Asking the Right Questions
After completing an assessment of all your project options, you are now ready to begin evaluating your project readiness. When trying to define project readiness it is common to begin asking a number of well-intentioned questions, but miss the core of any project your church should be taking on.
The most common questions at this step are:
- We know we need to do this project but are we ready?
- Can we afford it?
- Is the church on board with this?
The questions should really be re-purposed:
- How does this project enhance our mission?
- How do we best communicate this potential project to the church?
- How do we then go about gauging support?

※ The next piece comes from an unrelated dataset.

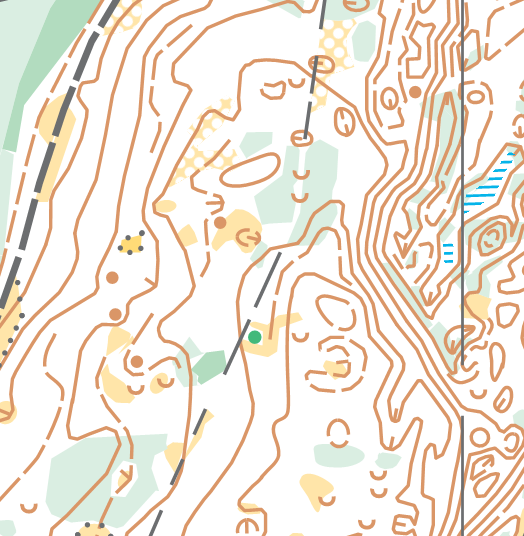 Map fragment – dune forest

One of the most common questions we have received over the years: “What do unsuccessful building projects and capital campaigns have in common?” Our answer would be vision, which is what most would say, but let’s drill down. “Vision” is a word everyone uses loosely, but let’s clearly state what it is for our purposes. Often it is due to lack of clarity or a clear explanation by leadership. Most people just want to know “(1) What are we doing? (2) Why do we need it? (3) What are you asking me to do about it?”. It’s really that simple. Many times, there is a failure to engage the entire church. A healthy program will engage and challenge the entire church’s input, support and participation. In our experience, sometimes the project size may appear to be too big. Leadership must do a complete and absolute job of communicating their financial plan to show how it is not only fiscally feasible but a sound investment in the future. What happens when the project does not meet congregational expectations? Sometimes there are multiple projects needed and leadership selects the wrong project without doing any feasibility studies to gain congregational buy in for the various options.

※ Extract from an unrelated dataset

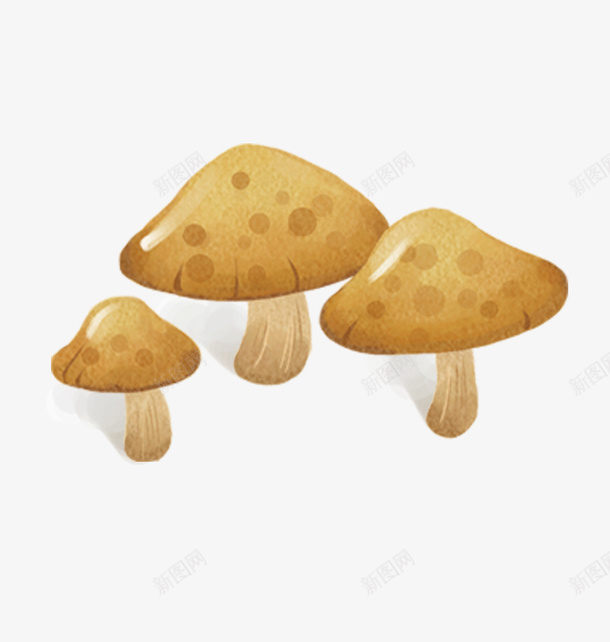 野生蘑菇psd免抠素材_新图网 https://ixintu.com 蘑菇 野生 食品 黄色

When a church moves forward too quickly without first properly addressing certain issues the results can be disastrous. This is where a vision can die. Why? Because the “ready, fire, aim” approach will get you every time. That is why it is so important to talk with a stewardship consultant very early in the process. A trained stewardship consultant can help you fully explore, develop, and articulate a vision that is based on the ministry needs of the church. It is never a good idea to leave your congregation in the dust or worse yet pursue a vision they will not support. On the flip side, dragging out the process can kill the momentum and slowly drain a thriving ministry. “Analysis paralysis” occurs where any decision-making is double guessed and the fear of moving too fast can screech any momentum to a grinding halt. A trusted, experienced partner can help you navigate these areas and think through the process in a logical and methodical way.

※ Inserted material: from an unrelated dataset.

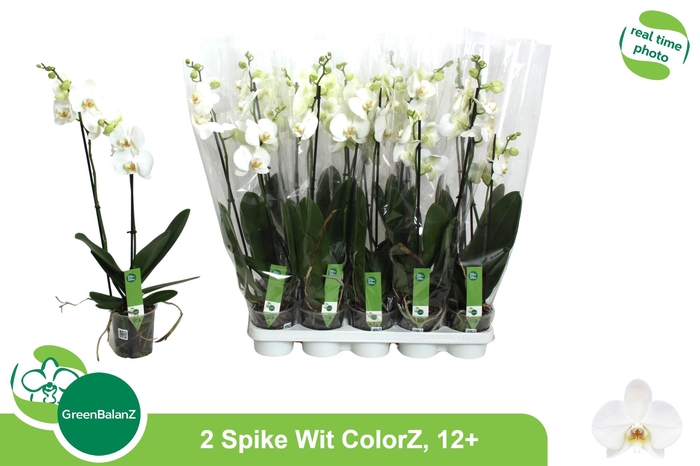 <h4>PHAL OV WIT</h4>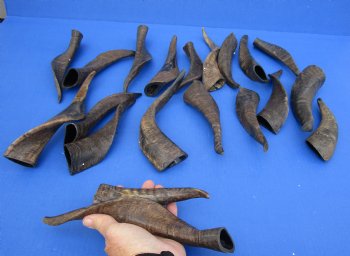 Authentic 20 piece lot of Goat horns from India 6" to 10" for sale $85/lot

Pre-Campaign Planning is Essential
The truth is pre-planning work is a non-negotiable when a project gets this large. Preparation pays off. A simple readiness study typically is a two-month process and provides the following:
• Clarifies the vision and increases ownership of vision and project.
• Defines cost parameters/scale, which saves massive amounts of time, money, and energy.
• Confidence when communicating the vision.
• Forecasts practical and achievable financial goals and potential that helps leadership plan accordingly.
• Sets course and pace of the campaign with specific action steps.